Writing a book is a significant time commitment. In my experience with the Lord, he has never asked me to learn something unless I would use it. In him asking this of me, he was saying, “STAY.” The Lord picks the time for our death, and it sounded like he was saying to me this isn’t yours.
I’m dyslexic, and when I read, I am constantly rereading the previous sentence unless I force myself not to. This carries over into my writing, where I continuously edit as I’m writing. The real problem with this, which I’ve discovered, is that I’m editing out all of the original thought in its infant form before it ever has a chance to develop. Learning to not do this seems like such a small, easy thing to do. I would find out when trying to do it that it was neither small nor easy. I am constantly editing my life as it goes. I plan out what I will do in advance, even if it’s a small task around the house. I think about what could go wrong and develop a backup plan in case it does. I suppose everyone does this to a degree, but I think my wife would sometimes like me to “stop planning and enjoy the moment.”

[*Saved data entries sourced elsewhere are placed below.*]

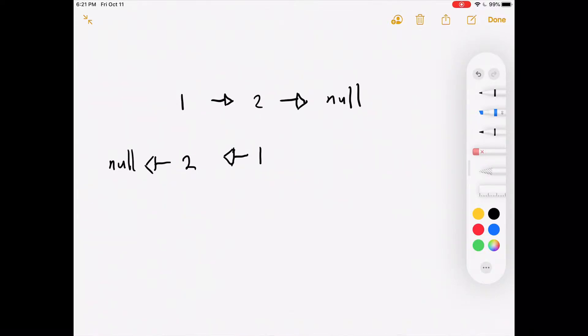So how I picture it now is like this: the original linked list is still one, two, null. When you reverse it, you now have a tail to the left of the linked list. You make the two point to that, and then you make the one point to the two instead of vice versa.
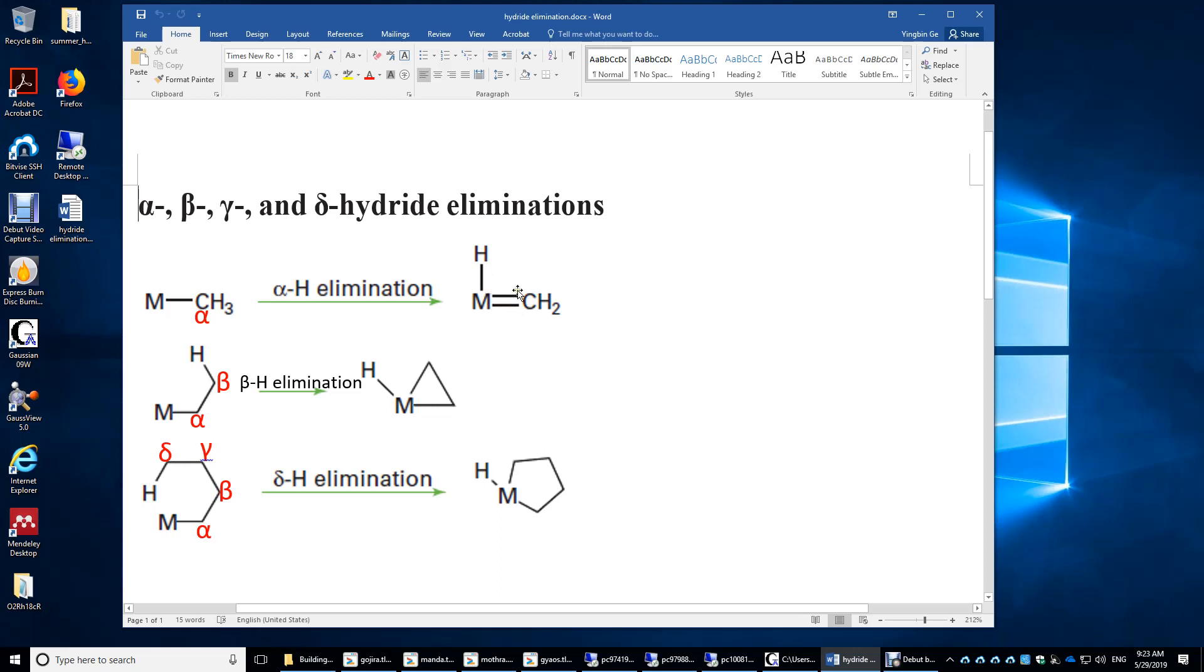You may also view this as a two-membered ring. So, when M gets a hydrogen on the alpha carbon, beta carbon, gamma carbon not shown here, or delta carbon, it forms a two-membered ring, three-membered ring, four-membered ring not being shown here, and five-membered ring here.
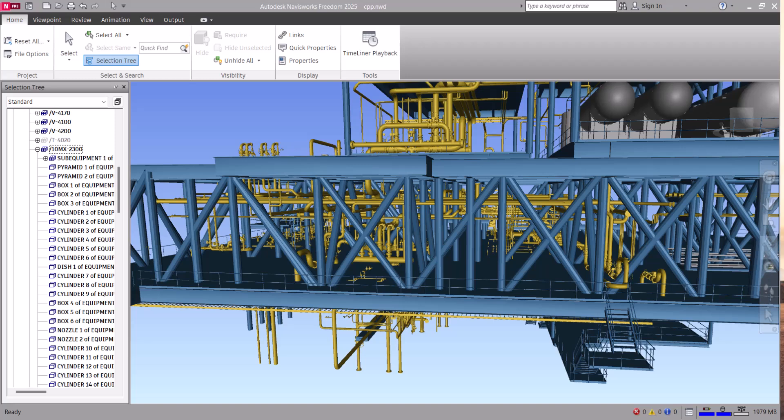Hi everyone, today in this Navisworks Freedom tutorial we will explore different options for how we can zoom in Navisworks Freedom. Let's start.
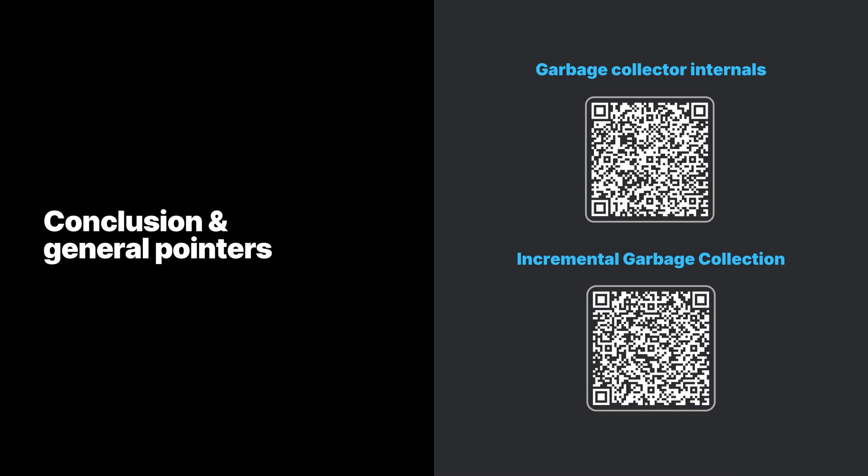For more advanced garbage collection controls, please refer to these resources, also linked to in this video's description.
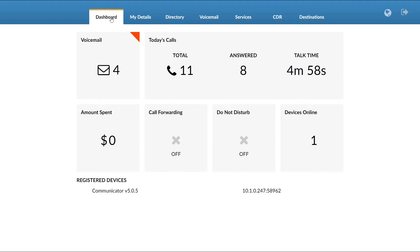Let's take a look at the options inside Online Self-Care. The first screen you see when you open Online Self-Care is the dashboard. The dashboard menu displays your basic call statistics, such as number of voicemails, total number of calls made today, how many calls have been answered, and total time spent on the phone. You can also see the amount of funds spent, whether the extension has call forwarding or do not disturb services enabled or disabled, how many devices are currently connected to the extension, and at the bottom you can see all registered devices.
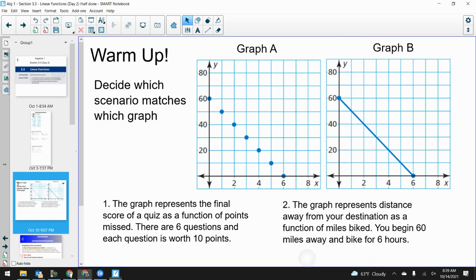Welcome back everybody. If you're following along at home, here's the warm-up for today — just decide what scenario goes with which graph. Henry said scenario one matches graph A because you can't have decimal values, which means scenario one is a discrete scenario. Discrete means single solitary values, not all numbers in between. So graph B and scenario two go together — scenario two is more continuous.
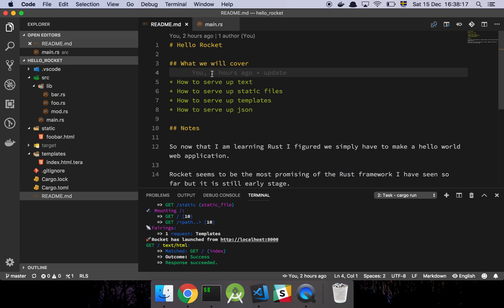Okay guys, so in this video I'm gonna walk you through a Hello World example with Rocket using Rust, so let's get into it.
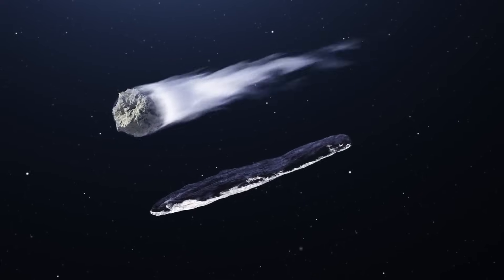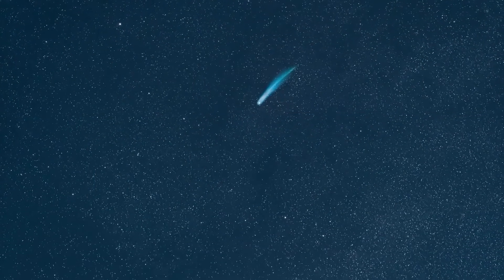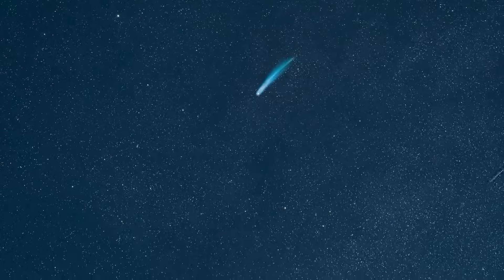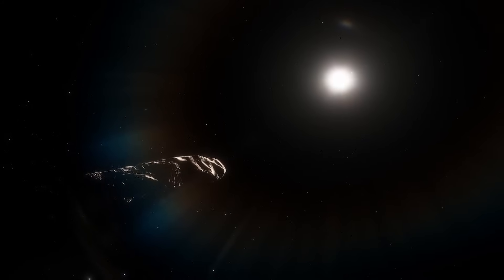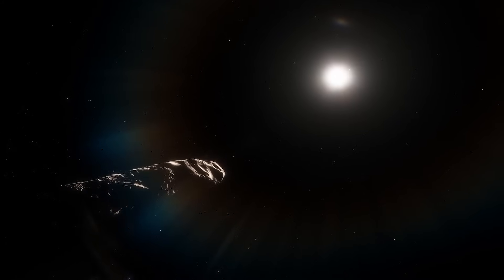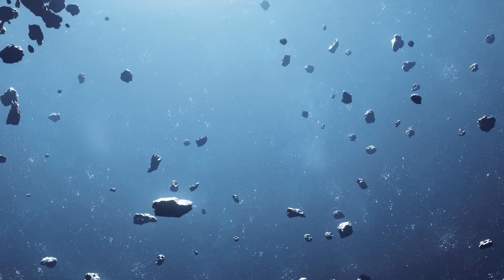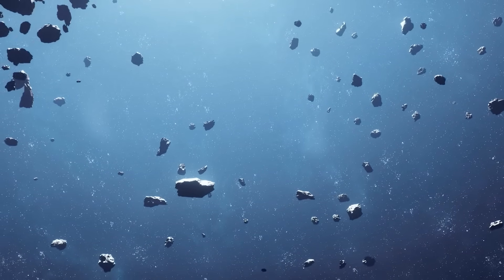This amazing find took place in October 2017, when the Pan-STARRS telescope in Hawaii was observing the night sky and revealed the presence of Oumuamua. It was a monumental event, as it marked the first time astronomers detected an object from outside our solar system.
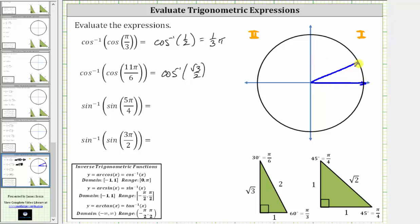The initial side is here, the terminal side is this ray, where the reference angle is thirty degrees, or in radians, one-sixth pi radians. Let's sketch the reference triangle to verify. We are in the first quadrant where both legs are positive, so we have one, two, square root of three. This reference triangle gives a cosine function value of square root of three divided by two. For the angle to be in the closed interval from zero to pi radians, the angle is thirty degrees, or pi over six, or one-sixth pi radians.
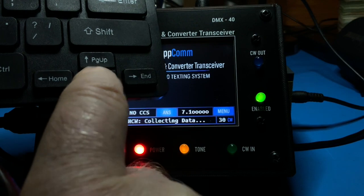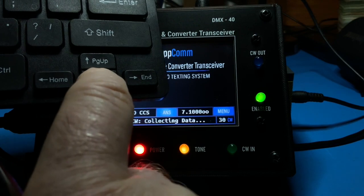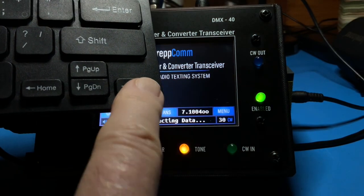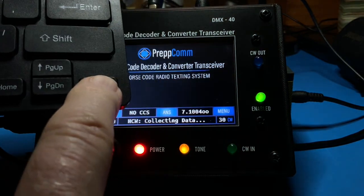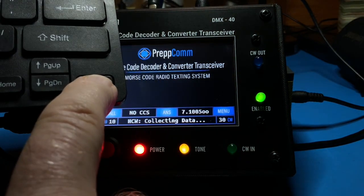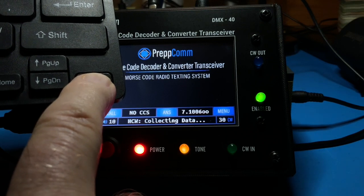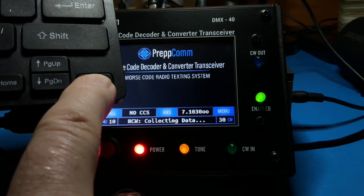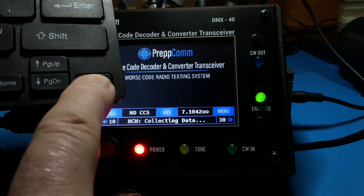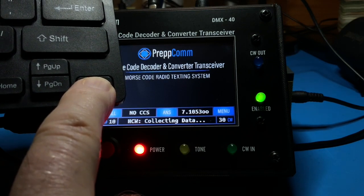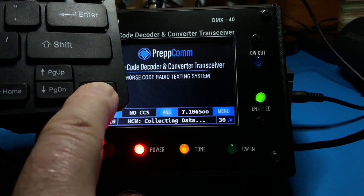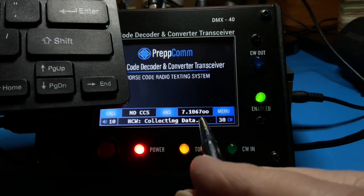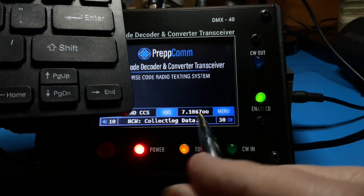Returning to 100 Hz steps, we can scan the band by holding down the up arrow key and using the keyboard auto-repeat function. You can always see what your step size is by referring to the frequency display.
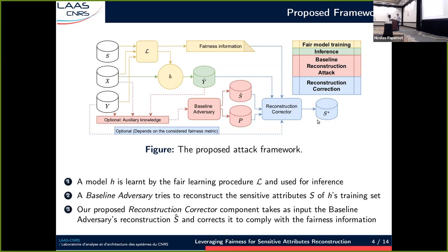Here comes the attack. The objective is to reconstruct the training set's sensitive attributes S. We first consider a baseline adversary — this is just a building block; we can plug in any adversary from the literature. This adversary has some auxiliary knowledge and outputs a first reconstruction of the sensitive attributes, S-hat, along with confidence scores indicating the adversary's confidence in its baseline reconstruction. And here in blue comes our contribution: the reconstruction corrector takes as inputs the baseline adversary reconstruction and confidence, and corrects it to comply with the fairness information. It outputs a corrected version compliant with the fairness information and minimizing the confidence-weighted changes to the baseline adversary.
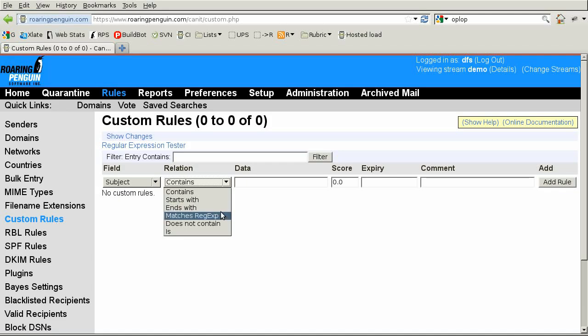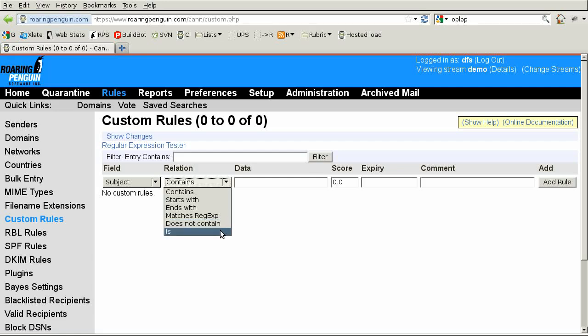MatchesRegex looks for a regular expression match. Don't use this unless you know what a regular expression is. DoesNotContain matches if the field does not contain the data. And Is matches if the field is exactly the data.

With artificial intelligence coming on the scene, the thing writers have that artificial intelligence has difficulty with is original thought. When AI is writing something, it looks into its massive databank of what has been written before to decide how to write what someone is asking it to do. If it looks into that databank and sees an author has written 2 + 2 = 5, it compares it to its mass of data and finds out that it stands alone and rightly assumes that it’s wrong. To artificial intelligence, most original thoughts appear wrong.
When most new technologies come out, they commonly appear to take away people’s employment. When word processing first came out, there was a bit of an uproar that it would do away with secretarial jobs, and for the most part, it did. Word processing made it so that far more people could write their own letters, books, and blogs. It was a difficult transition for some but good for mankind.
Each day since I felt the Lord spoke to me on March 30th, I have felt physically better, even though it hasn’t shown up on any of the medical equipment yet. It could be psychological, or it might just be that the Lord has unexpected plans for me.